Harald M. Wahl, «Ester, das adoptierte Waisenkind. Zur Adoption im Alten Testament», Vol. 80 (1999) 78-99
While the adoption of a child in the ancient Near East and Egypt was generally customary, this legal institution is completely absent from the Old Testament nomistic literature. Only in a few narrative texts do we find slight allusions to adoption. Of these texts only Est 2,7.15 suggests the adoption of an orphan by its first cousin. That Israel did not take over this common ancient Near Eastern practice can be explained by its theological self understanding according to which YHWH alone was the guarantor of progeny. That YHWH alone gave life and punished the evildoer with sterility and childlessness was a universally valid principle of Israel's faith found in all theological currents. In the eyes of the exilic and postexilic theologians in particular it would have been a blasphemy to circumvent YHWH's command by a law of adoption. For this reason Israel rejected adoption as a means for securing its continued existence.
III
Das Ergebnis ist dies: Die Adoption von Kindern durch kinderlose Eltern wird weder in den legislativen noch in den narrativen Texten des Alten Testament behandelt. Über diesen Befund kann auch die angedeutete Adoption Esters nicht hinwegtaüschen (Est 2,7.15). Dieses Phänomen kann nicht damit erklärt werden, daß ein über den Vorderen Orient zerstreutes Volk mit religiösen Zentren in Ninive, Babylon, Susa und später Alexandrien die gemeinorientalische Praxis der Kindesadoption nicht kannte. Die Vertreter der drei maßgeblichen exilisch-nachexilischen theologischen Strömungen kannten die Rechtsinstitution sehr wohl, aber sie haben ihre spätestens im Exil gewonnene Kenntnis für Israel bewußt nicht adaptiert: Weder von den Deuteronomisten noch von den Priestern, weder von den Leviten noch von den Weisheitslehrern noch von den Rabbinen ist die Adoption literarisch nachhaltig behandelt, geschweige denn in das jüdische Familienrecht aufgenommen worden.

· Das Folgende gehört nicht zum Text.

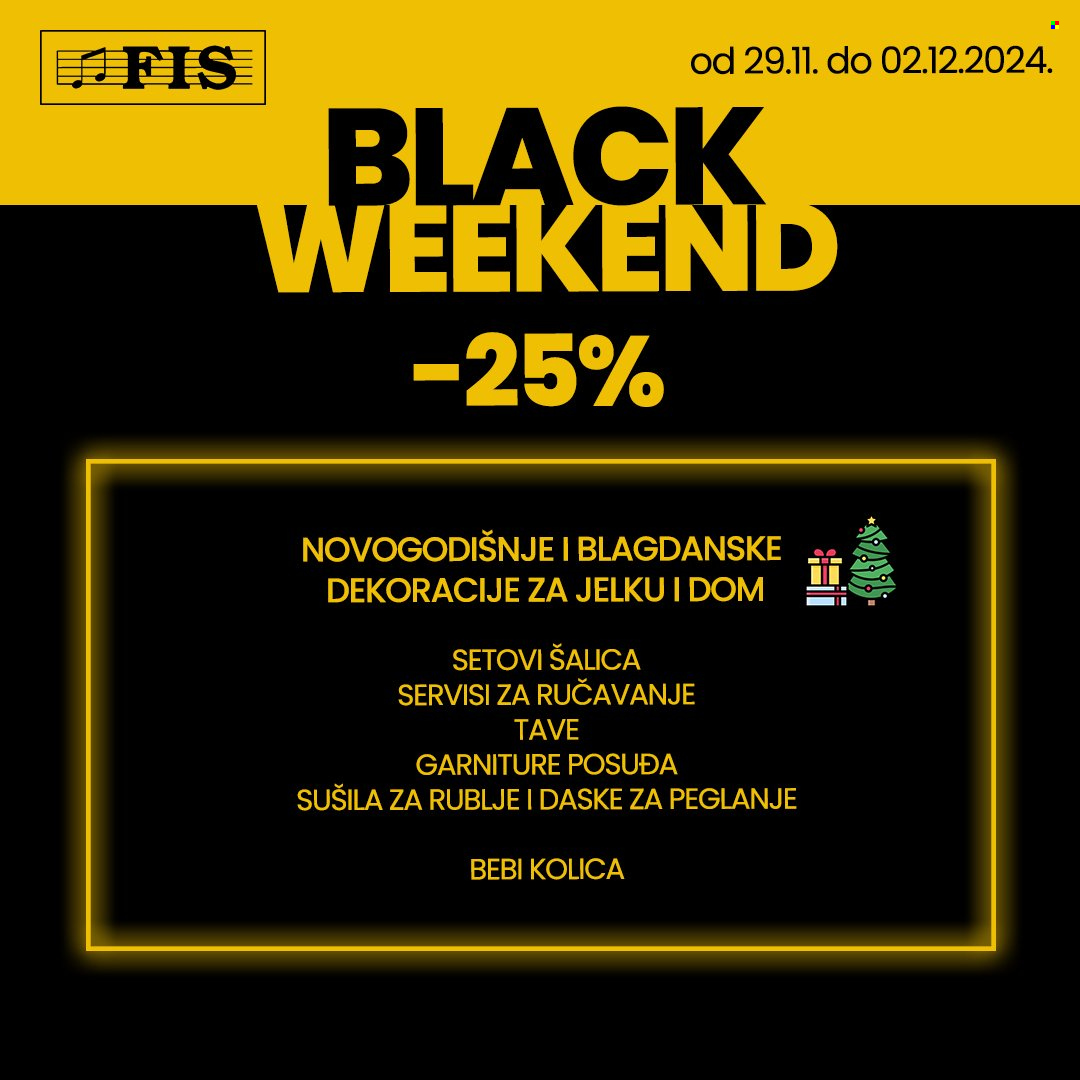 FIS katalog - 29.11.2024. - 02.12.2024.. Stranica 3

Die Gründe dafür, daß Israel für sich die Adoption als Rechtsinstitution verwirft, reichen bis in die vorexilische Zeit zurück, sind aber vor allem in nachexilischen Texten greifbar. Die Gründe reflektieren das allen theologischen Strömungen gemeinsame Selbstverständnis Israels, in dem es sich deutlich von seinen Nachbarn unterscheidet. Schon für den frühestens spätvorexilisch wirkenden Jahwisten war die Fruchtbarkeit eine Zusage, die Unfruchtbarkeit dagegen eine Strafe Gottes. Die Kinderlosigkeit durch Adoption zu umgehen, wäre für den Jahwisten ein Verstoß gegen die göttliche Ordnung. In dieser Tradition stehen dann auch die Deuteronomisten, die Jerusalemer Priester und die spätnachexilischen Weisheitslehrer Israels.

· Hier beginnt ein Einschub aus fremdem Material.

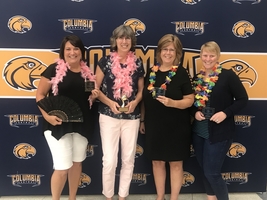 Congratulations and Special Awards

Getragen von dem Glauben daran, daß die Wahrung der göttlichen Weisung für den Einzelnen und das Volk Leben bedeutet, haben die Deuteronomisten trotz nachhaltiger Regelungen im Familienrecht Bestimmungen über die Adoption nicht berücksichtigt. Kinderlosigkeit war für sie an gottloses Fehlverhalten gebunden, insofern konnte es in der Tora keine Gesetze Jahwes geben, die durch die Adoption die selbstverschuldete Tatfolge als Gericht aufheben würde. Das wäre paradox.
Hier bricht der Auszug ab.